Racconti dall’ospizio #18 - 3D Thunder Blade: coito, ergo sum

Racconti dall'ospizio è una rubrica in cui raccontiamo i giochi del passato con lo sguardo del presente. Lo sguardo di noi vecchietti.

Non mi sono mai considerato un tipo preciso o metodico. Anzi, direi esattamente l'opposto. Tuttavia, nel mio 3DS, campeggiano tante cartelle, catalogate e rinominate con rigoroso ordine. Lo faccio da sempre: una ritualità quasi onanistica, che dà senso al titolo della recensione e sottende, grazie alle splendide conversioni M2, un legame intimo con alcuni giochi. Psicologico, ancor prima che ludico. Fra le suddette cartelle, quella di cui vado particolarmente fiero è la "3D SEGA Classics", un microcosmo stracolmo di piccole gemme del passato. E non a caso 3D Thunder Blade è una di queste.

Una delle schermaglie contro i poco fantasiosi boss.

Classe 1987, il gioco Sega è riproposto su Nintendo 3DS nella sua versione originale da sala. A bordo di un iconico elicottero Apache saremo chiamati a farci largo tra i nemici a suon di mitragliate e missili terra-aria. Il gioco sfoggia un'abbacinante grafica in 3D stereoscopico, nonché il supporto per il pad scorrevole Pro (denominato dal sottoscritto "modello Voltron") o l'uso dell'analogico destro del New 3DS. Grazie alla solita maniacale cura da parte degli M2, non mancano sfiziose personalizzazioni: i controlli tramite giroscopio funzionano al meglio solo disabilitando l'effetto 3D, quantomeno nei "vecchi" modelli della console. Il risultato, tuttavia, è riuscito e divertente, soprattutto attivando l'assenza di collisioni con il fondale. La cosa potrebbe farvi storcere il naso, forse (un giocatore borderline che si facilita il compito?) ma potrete sempre riservarvi la possibilità di un giro supplementare nel caso il gioco cominciasse a mostrare il fianco alla ripetitività. Evento assai probabile, a dire il vero. La difficoltà è scalabile grazie a due parametri differenti: robustezza dell'elicottero - per l'appunto - e numero di vite a disposizione.
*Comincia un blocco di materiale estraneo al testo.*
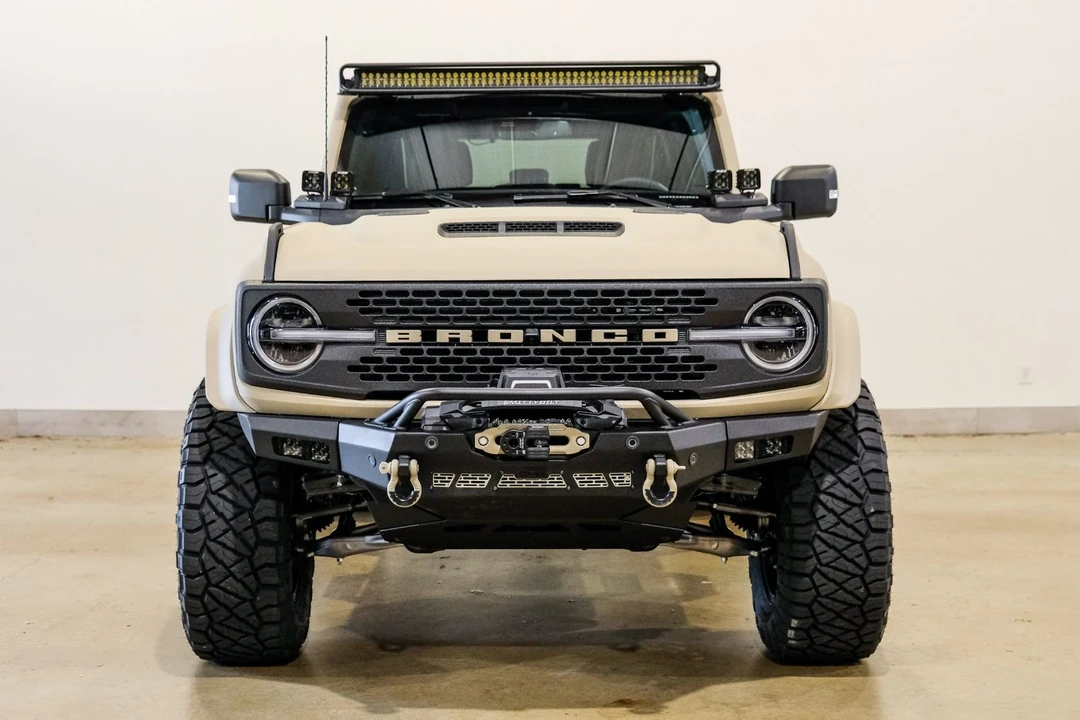 2025 Ford Bronco 6th Gen - Image 2 of 12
L'effetto tridimensionale, anche al minimo, restituisce un'ottima resa.

Ma dove gli sviluppatori si sono davvero distinti è nell'implementazione delle diverse visuali. Le cornici che riproducono il look dei cabinati originali, con tanto di rumori delle strutture idrauliche che ne accompagnavano il movimento, sono tributi amorevoli di prim'ordine. Un autoerotismo videoludico che rigira come calzini i nostri desideri più reconditi, trasformando l'inutile in essenziale, così come avviene in ogni pulsione nascosta. Disponibile in tutto il suo feticistico fulgore, il salvataggio delle partite, per rivedere le nostre ero(t)iche gesta con un sorrisino ebete sul volto.
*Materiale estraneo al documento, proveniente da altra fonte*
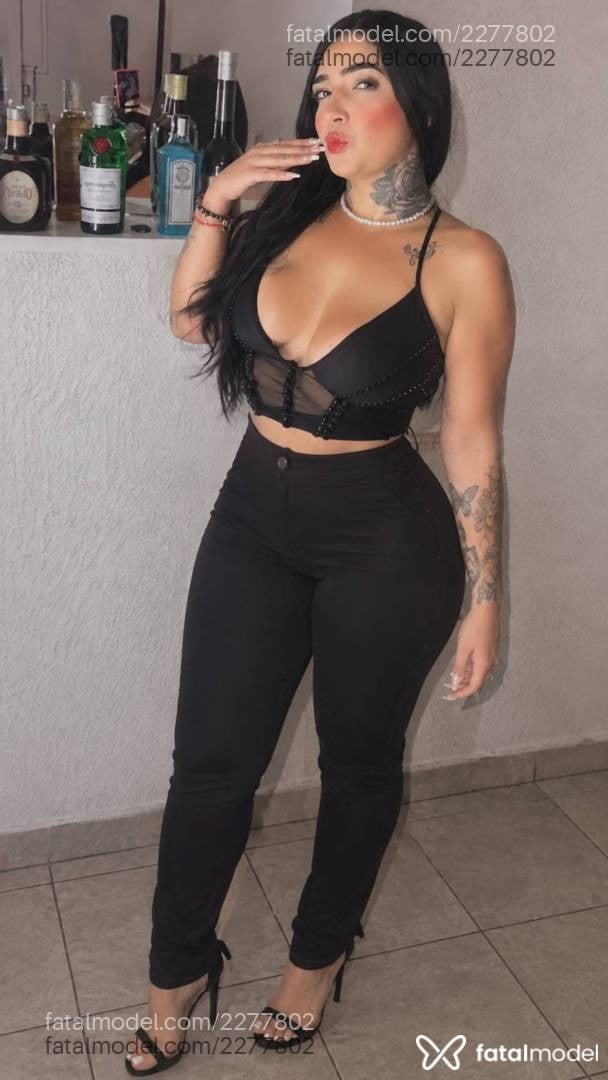 Acompanhante mulher morena (o) de olhos castanhos - Vitória Emanuelle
Insomma, questa conversione su console Nintendo, così come per gli altri SEGA 3D Classics, gode come non mai della rinnovata visione stereoscopica che, oltre ai nuovi contenuti, offre anche un'estensione visiva e una riproduzione arcade improponibile per altri sistemi. Non c’è dubbio, quindi, che il gioco mostri tra i migliori effetti 3D dell'intera serie. Le sezioni principali con la visuale alle spalle dell'elicottero restituiscono un magistrale senso di immersione. Siamo dalle parti di Out Run e After Burner: scusate se è poco.
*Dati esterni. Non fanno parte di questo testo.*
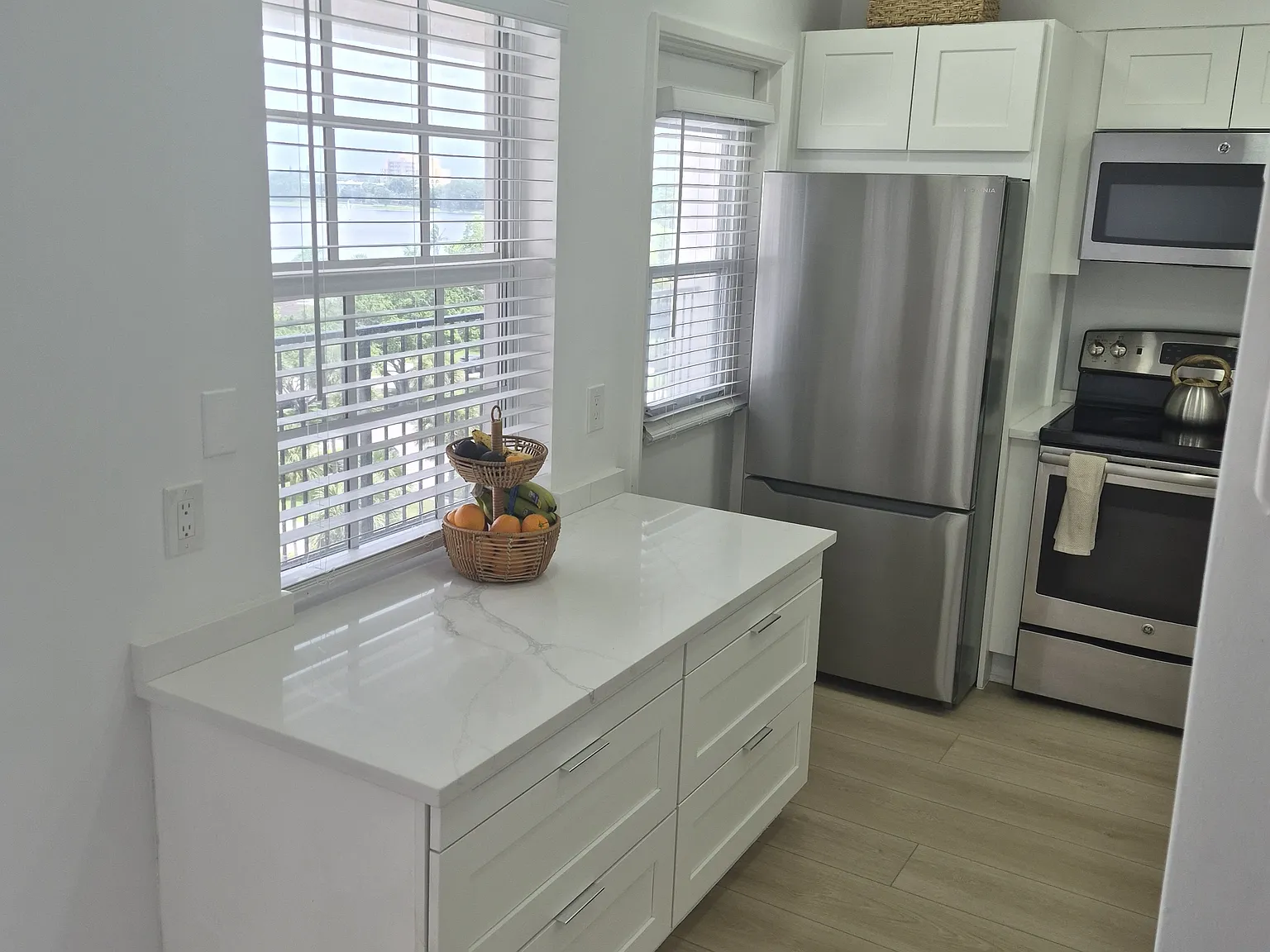 3050 N Palm Aire Dr — Photo 3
Una palette di colori... Emozionante.

Il comparto audio, viceversa, non presenta musiche degne di plauso (o addirittura storiche, come per il sopracitato Out Run). Fortunatamente i rumori simulati del cabinato idraulico sopperiscono perfettamente a tale mancanza. Alla fin della fiera, tornando al gioco vero e proprio, come siamo messi in quanto a divertimento lordo? Beh, sapete che vi voglio bene, per cui sarò sincero: 3DThunder Blade non possiede la trascinante adrenalina e l'ipnotico coinvolgimento dei suoi più blasonati colleghi stereoscopici. Nonostante il discreto gameplay, il gioco risulta breve, spesso caotico, quasi mai assuefacente. Tuttavia, per quanto possa apparire paradossale, in tal caso i conti da fare sono tanti.

Nel peso dei classici Sega, non si può trascurare il fattore emotivo e collezionistico; l'intimo desiderio di possedere l'ultimo (?) baluardo di una software house che fu e mai più sarà. Certo, volendo pesare un tanto al chilo, tra gli extra è possibile sbloccare lo Special Mode. Se non volete sapere cosa sia, saltate questo mini SPOILER e continuate a leggere il pezzo sotto la prossima immagine. Ci siete ancora? Bene. La modalità che si sblocca dopo i quattro livelli base - un po' pochini, lo so - permette ai giocatori di riaffrontare il gioco con un armamentario potenziato, un numero maggiore di nemici (riposizionati per l'occasione), avversari inediti e un micro-stage ex-novo, sviluppato appositamente per questa versione.

La SPOILER save image. Qui in Outcast non ci facciamo mancare nulla.

Poca cosa in sé, ma nell'economia globale della conversione, al netto dei cinque euro richiesti, si tratta di tributi immensi. Come il piacevole remix delle musiche originali, ovviamente disattivabili nelle opzioni. Accorgimenti, premure, attenzioni. Un doveroso petting mediatico prima dell'amplesso videoludico che ne consegue. D'altronde, in un rapporto amoroso, contano soltanto i secondi di massimo godimento? Ovviamente no, e seppure stia sguazzando un po' troppo in questa parafrasi dal retrogusto freudiano, bisogna avere amore per questo genere di conversioni.

E proprio come mi aveva chiesto il buon Andrea Maderna al momento dell'assegnazione di questo articolo, confermo la risposta che ho dato a lui: - "C'hai ammore per Thunder Blade?". - "Certo, che ce l'ho!".

E non è neanche ammore platonico, aggiungo ora.